As I'm sure you all saw, after years of saber-rattling by senators from Utah and Houston (remember when they were the top non-AQ teams?), two weeks ago the Antitrust Division of the Department of Justice finally got around to asking the NCAA why they don't have a playoff. Today, NCAA president Mark Emmert responded by saying that it's none of his business, and that if the DOJ wants to know why college football doesn't have a playoff, they should ask the BCS. To quote the juiciest bits:
Other than licensing the postseason bowls, "the NCAA has no role to play in the BCS or the BCS system," Emmert wrote in a letter to the department's antitrust chief, Christine Varney. He added that short of member colleges and universities discontinuing the BCS and proposing an NCAA championship, "there is no directive for the (NCAA) to establish a playoff."
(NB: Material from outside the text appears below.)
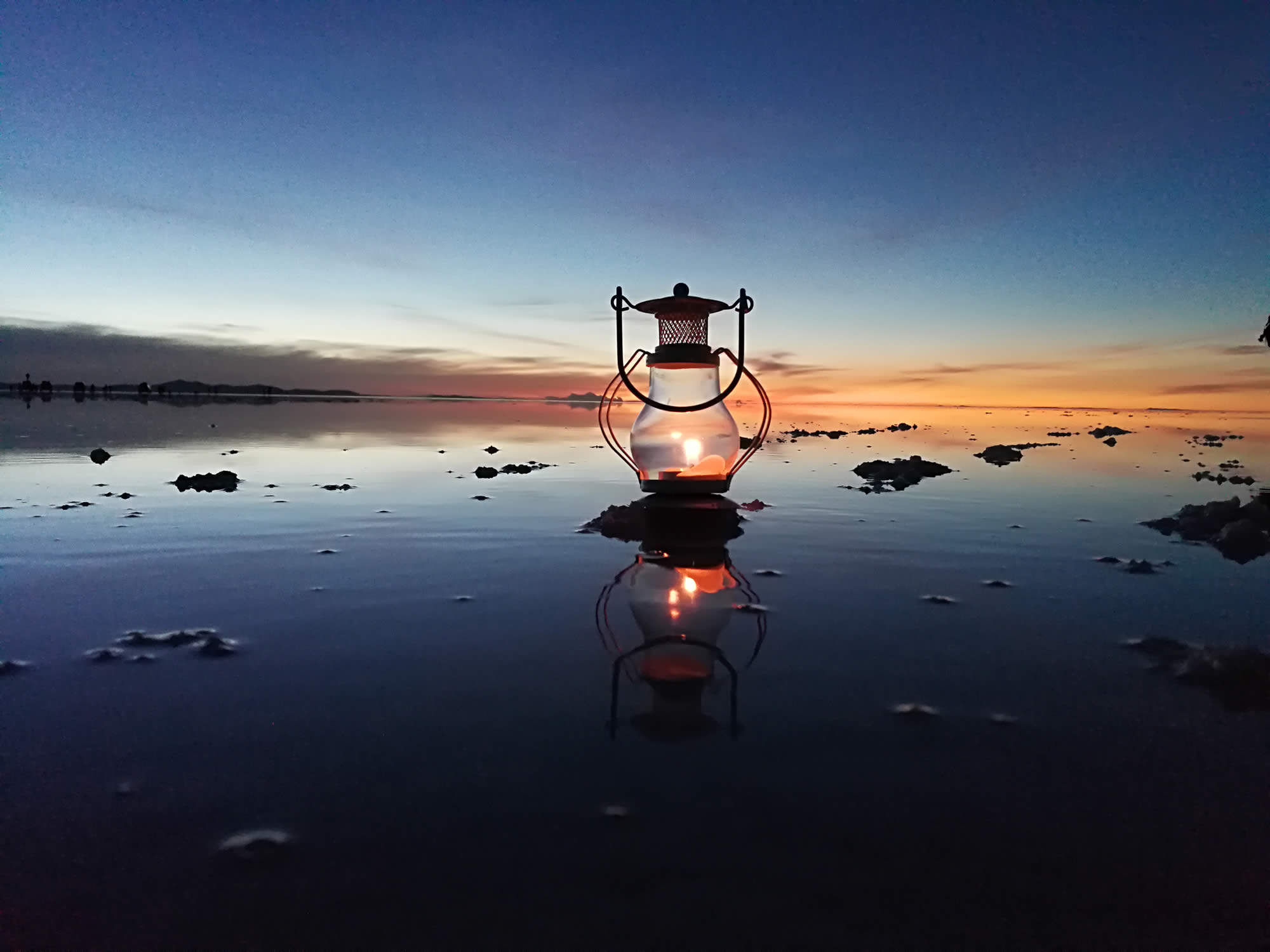 Private Tour Majestic Uyuni Salt Flat, 1 Full Day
He said that because the BCS system doesn't fall under the NCAA's purview, it was not appropriate for him to offer views on the system for crowning college football's championship.
I suppose I should begin by saying that there's no way this stall tactic is going to work. Of course the DOJ was going to question the BCS in this matter. They also wants answers from the NCAA, and Emmert or someone else is going to have to give them eventually.
That being said, I am shocked at how brazenly Emmert is stonewalling. How can the president of this organization say that the college football championship isn't any of his business? Division I FBS football appears to be the only major sport (and maybe the only NCAA-recognized sport) for which the NCAA doesn't recognize a champion. I'm sure the DOJ wants to understand why the NCAA has refused to hold any official post season for only one sport, and why that particular sport happens to be the one that generates the most revenue. Those are questions the BCS can't answer.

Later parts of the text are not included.